--- INPUT RECORDS Enclosed Below ---
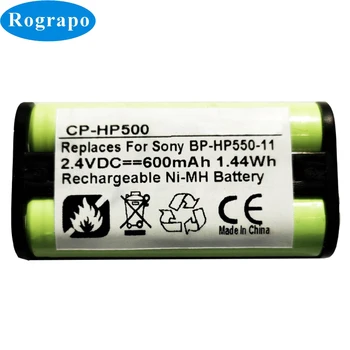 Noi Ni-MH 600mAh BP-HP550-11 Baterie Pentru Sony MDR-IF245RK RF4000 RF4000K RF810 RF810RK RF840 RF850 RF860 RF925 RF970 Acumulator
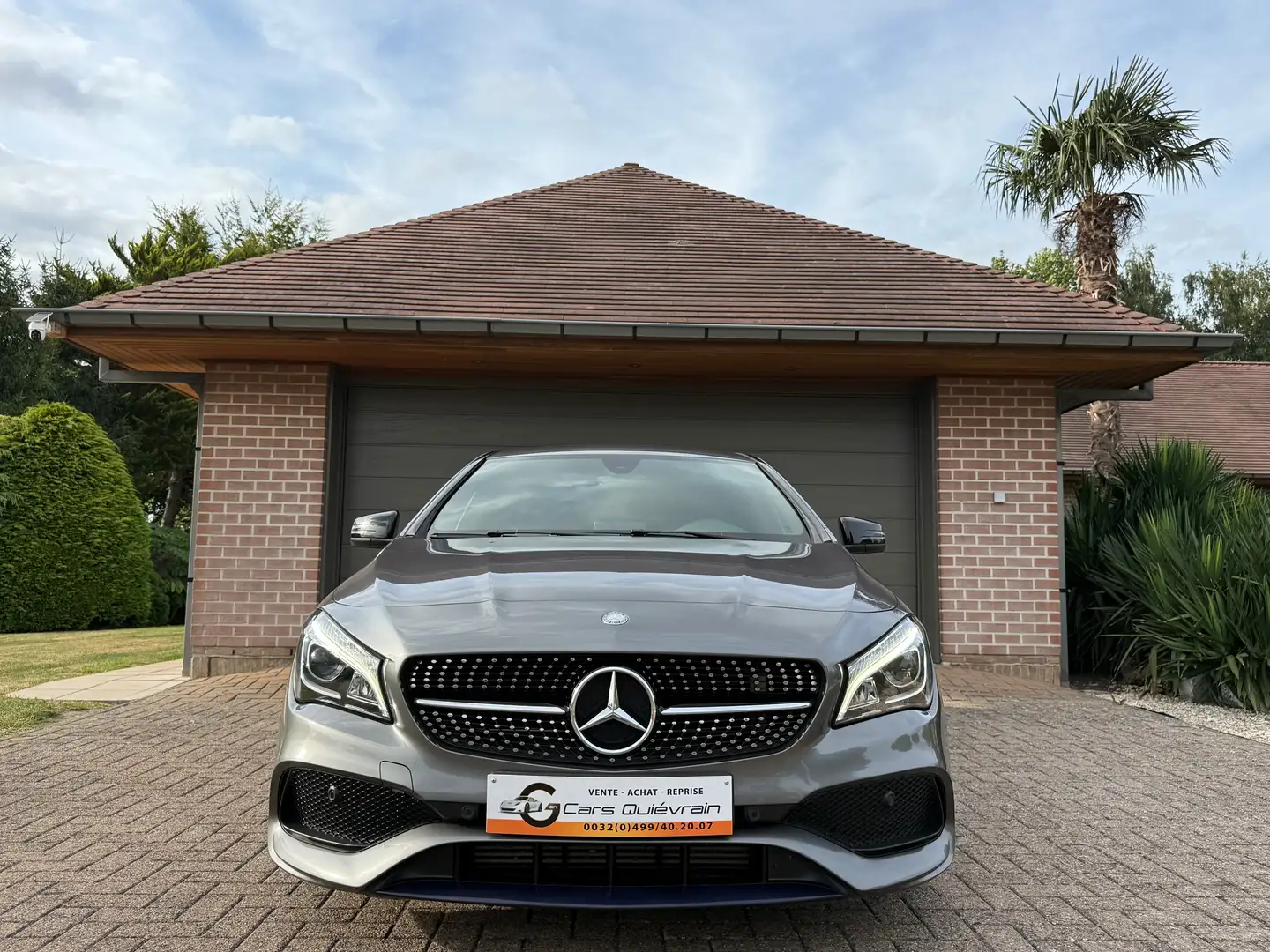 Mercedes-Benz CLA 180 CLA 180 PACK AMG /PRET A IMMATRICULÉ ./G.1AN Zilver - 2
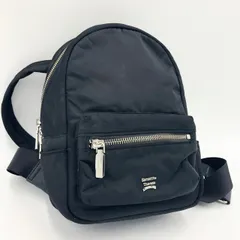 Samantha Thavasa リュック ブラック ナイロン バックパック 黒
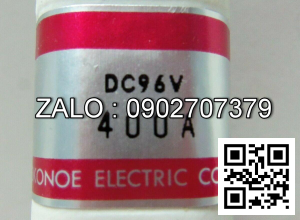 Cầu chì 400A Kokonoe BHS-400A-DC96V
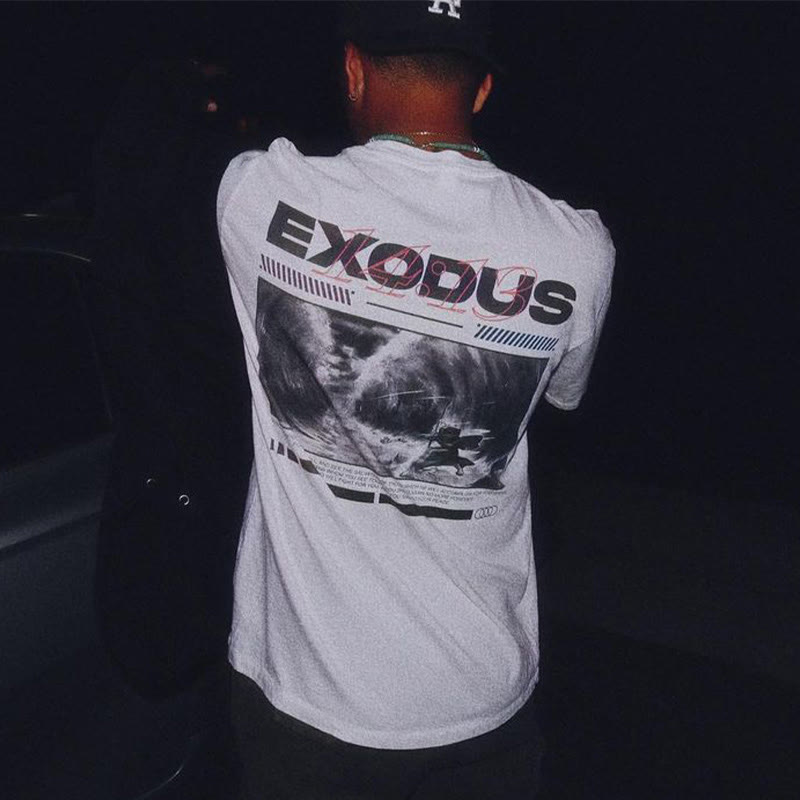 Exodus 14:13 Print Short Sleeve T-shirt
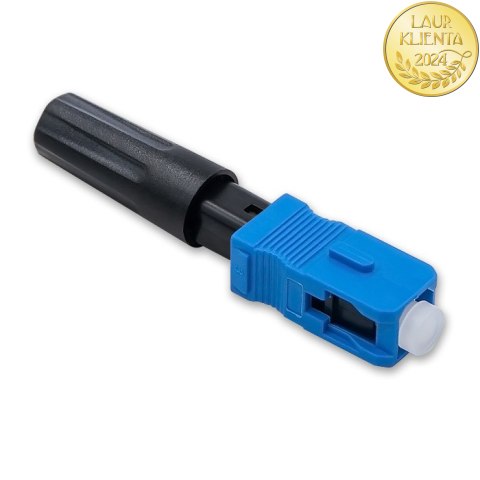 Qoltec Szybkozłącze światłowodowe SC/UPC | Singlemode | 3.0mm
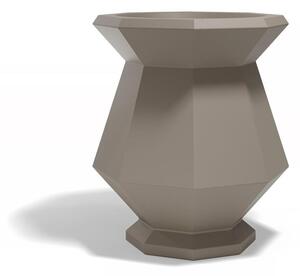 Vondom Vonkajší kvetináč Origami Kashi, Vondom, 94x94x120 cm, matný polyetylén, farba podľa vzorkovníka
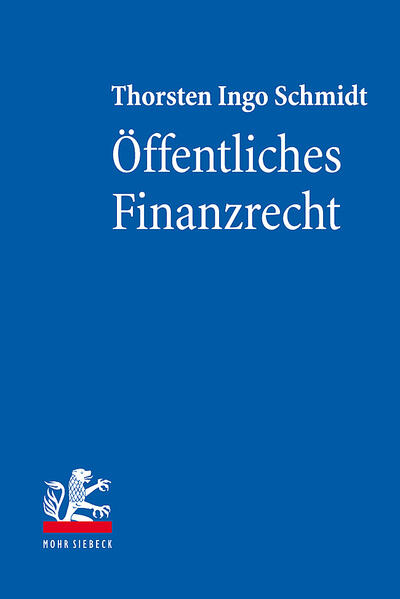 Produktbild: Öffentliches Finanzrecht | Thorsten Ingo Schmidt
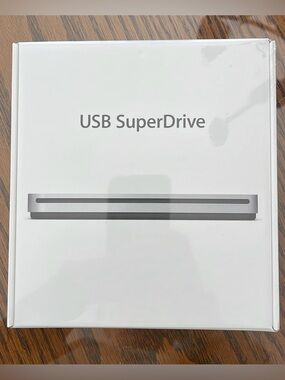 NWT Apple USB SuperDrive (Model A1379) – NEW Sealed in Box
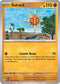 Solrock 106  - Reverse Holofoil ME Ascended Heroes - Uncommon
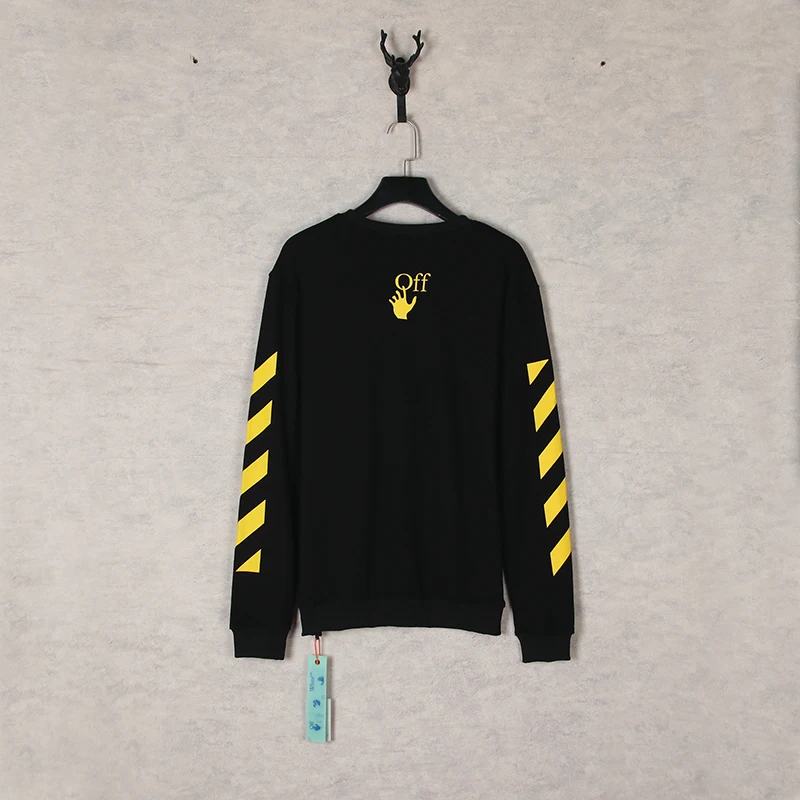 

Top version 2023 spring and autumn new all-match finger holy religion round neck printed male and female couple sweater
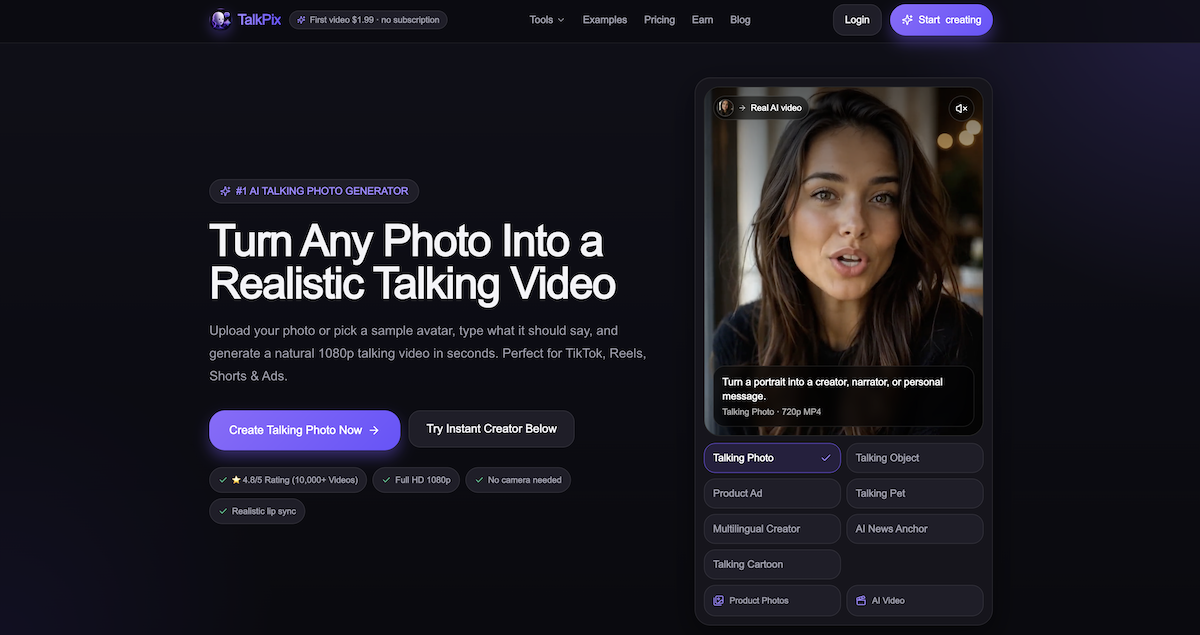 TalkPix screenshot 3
--- End of Enclosed INPUT RECORDS ---
- **WORK ITEM**
Go from the first line of the data above to the line containing "Vondom Vonkajší kvetináč" and retype exactly those lines, both included, but none of the pictures.

- **RESPONSE FOR THIS EXERCISE**
 Noi Ni-MH 600mAh BP-HP550-11 Baterie Pentru Sony MDR-IF245RK RF4000 RF4000K RF810 RF810RK RF840 RF850 RF860 RF925 RF970 Acumulator
 Mercedes-Benz CLA 180 CLA 180 PACK AMG /PRET A IMMATRICULÉ ./G.1AN Zilver - 2
 Samantha Thavasa リュック ブラック ナイロン バックパック 黒
 Cầu chì 400A Kokonoe BHS-400A-DC96V
 Exodus 14:13 Print Short Sleeve T-shirt
 Qoltec Szybkozłącze światłowodowe SC/UPC | Singlemode | 3.0mm
 Vondom Vonkajší kvetináč Origami Kashi, Vondom, 94x94x120 cm, matný polyetylén, farba podľa vzorkovníka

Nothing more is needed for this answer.